Could you repeat exactly the lines below, from the line containing "Hoffman Electrical Enclosure" through the last one, both included, while leaving out any pictures?

Data shown:
**********

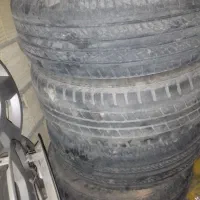 4حلقه رینگ پژو با لاستیک و قالپاق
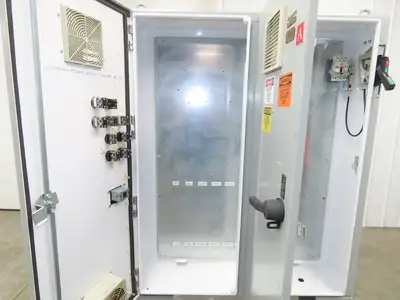 Hoffman Electrical Enclosure Control Panel 60x49x12" JIC 30A Breaker A60X4912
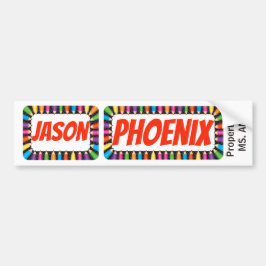 NaamMarkeringen Jason en Phoenix-teken/sticker/mag Bumpersticker
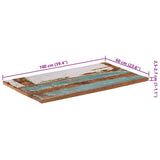 Rectangular Table Top 60x100 cm 25-27 mm Solid Reclaimed Wood 286056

**********

Written answer:
 Hoffman Electrical Enclosure Control Panel 60x49x12" JIC 30A Breaker A60X4912
 NaamMarkeringen Jason en Phoenix-teken/sticker/mag Bumpersticker
 Rectangular Table Top 60x100 cm 25-27 mm Solid Reclaimed Wood 286056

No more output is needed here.